• [INFORMATION PROVIDED]:
▼

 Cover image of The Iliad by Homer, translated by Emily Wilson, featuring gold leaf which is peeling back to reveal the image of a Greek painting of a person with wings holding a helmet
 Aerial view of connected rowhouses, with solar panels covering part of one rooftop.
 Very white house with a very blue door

▲
▼

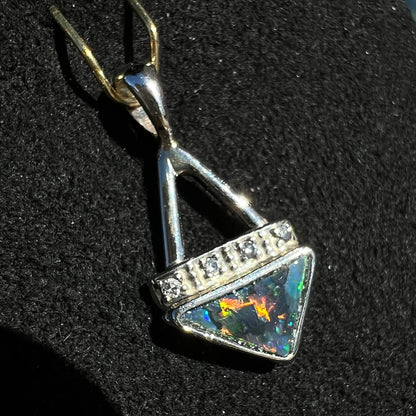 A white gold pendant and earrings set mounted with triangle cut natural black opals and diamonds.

▲
▼

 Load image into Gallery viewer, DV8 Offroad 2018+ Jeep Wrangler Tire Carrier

▲

• [ACTION ITEM]: Scan the material above. Copy each line where "image" occurs.

• [TASK SOLUTION]:
 Cover image of The Iliad by Homer, translated by Emily Wilson, featuring gold leaf which is peeling back to reveal the image of a Greek painting of a person with wings holding a helmet
 Load image into Gallery viewer, DV8 Offroad 2018+ Jeep Wrangler Tire Carrier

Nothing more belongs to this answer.